The Sorcerer's Apprentice is a 2010 fantasy adventure film produced by Jerry Bruckheimer, directed by Jon Turteltaub, and distributed by Walt Disney Pictures, the team behind the National Treasure franchise. The film is named after The Sorcerer's Apprentice segment in Disney's Fantasia (with one scene being an extensive reference to it), which in turn is based on the late 1890s symphonic poem of the same name by Paul Dukas and the 1797 Johann Wolfgang von Goethe ballad of the same name.

Balthazar Blake is a sorcerer in modern-day Manhattan, fighting against the forces of evil, in particular his spiteful arch-nemesis Maxim Horvath, while searching for the person who will inherit the powers of the legendary wizard Merlin. This turns out to be Dave Stutler, a physics student, whom Balthazar takes as a reluctant protégé. The sorcerer gives his unwilling apprentice a crash course in the art of science, magic, and sorcery, in order to stop Horvath and his mistress, the legendary witch Morgana le Fay from raising the souls of evil dead sorcerers and destroying the world.

Cast[]

Awards and Receptions[]

  • Though being nominated in Teen Choice Wards in 2010 as Choice Summer Movies, and a year later, won ASCAP Film and Television Music Awards as Top Box Office Films by Trevor Rabin, the movie itself gained mixed reviews.

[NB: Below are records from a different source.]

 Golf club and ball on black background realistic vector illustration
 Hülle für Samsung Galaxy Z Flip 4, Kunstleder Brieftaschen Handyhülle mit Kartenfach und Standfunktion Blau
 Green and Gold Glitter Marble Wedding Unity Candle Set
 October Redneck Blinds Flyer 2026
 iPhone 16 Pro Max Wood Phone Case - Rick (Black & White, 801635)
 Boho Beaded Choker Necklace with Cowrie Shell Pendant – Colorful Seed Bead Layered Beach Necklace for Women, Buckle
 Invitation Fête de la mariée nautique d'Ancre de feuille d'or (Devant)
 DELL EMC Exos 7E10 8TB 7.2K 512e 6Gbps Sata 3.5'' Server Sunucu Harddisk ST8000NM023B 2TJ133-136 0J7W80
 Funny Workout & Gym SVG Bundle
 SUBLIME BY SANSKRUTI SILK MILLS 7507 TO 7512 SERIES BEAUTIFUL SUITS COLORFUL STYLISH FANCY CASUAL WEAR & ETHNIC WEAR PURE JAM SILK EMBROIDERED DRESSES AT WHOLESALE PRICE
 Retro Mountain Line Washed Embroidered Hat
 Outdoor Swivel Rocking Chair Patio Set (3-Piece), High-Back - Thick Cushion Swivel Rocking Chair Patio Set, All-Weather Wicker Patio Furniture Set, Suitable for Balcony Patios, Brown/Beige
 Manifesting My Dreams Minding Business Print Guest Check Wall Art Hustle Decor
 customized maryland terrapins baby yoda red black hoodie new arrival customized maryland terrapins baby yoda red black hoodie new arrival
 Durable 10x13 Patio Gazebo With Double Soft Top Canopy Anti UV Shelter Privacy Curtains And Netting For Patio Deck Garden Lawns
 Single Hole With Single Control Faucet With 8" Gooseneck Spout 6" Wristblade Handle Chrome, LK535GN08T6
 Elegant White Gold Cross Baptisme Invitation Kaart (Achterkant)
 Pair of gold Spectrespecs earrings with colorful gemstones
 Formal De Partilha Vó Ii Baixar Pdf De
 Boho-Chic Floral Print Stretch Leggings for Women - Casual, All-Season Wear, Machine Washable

Review aggregation website Rotten Tomatoes gives the film a score of 42% based on 163 reviews, with an average score of 5.2/10. The critical consensus is: "It has a likeable cast and loads of CGI spectacle, but for all but the least demanding viewers, The Sorcerer's Apprentice will be less than spellbinding." Another review aggregator, Metacritic, which assigns a normalized rating from 0-100 of top reviews from mainstream critics, calculated an average score of 46.
  • Kirk Honeycutt of The Hollywood Reporter has said that "The Sorcerer's Apprentice is a tired relic of summer-movie cliches, clearly beaten to death by far too many credited writers." Chicago Sun-Times film critic Roger Ebert gave the film two and a half stars out of four and wrote "This is a much better film than The Last Airbender, which is faint praise, but it is becoming clear that every weekend brings another heavily marketed action 'comedy' that pounds tens of millions out of consumers before evaporating".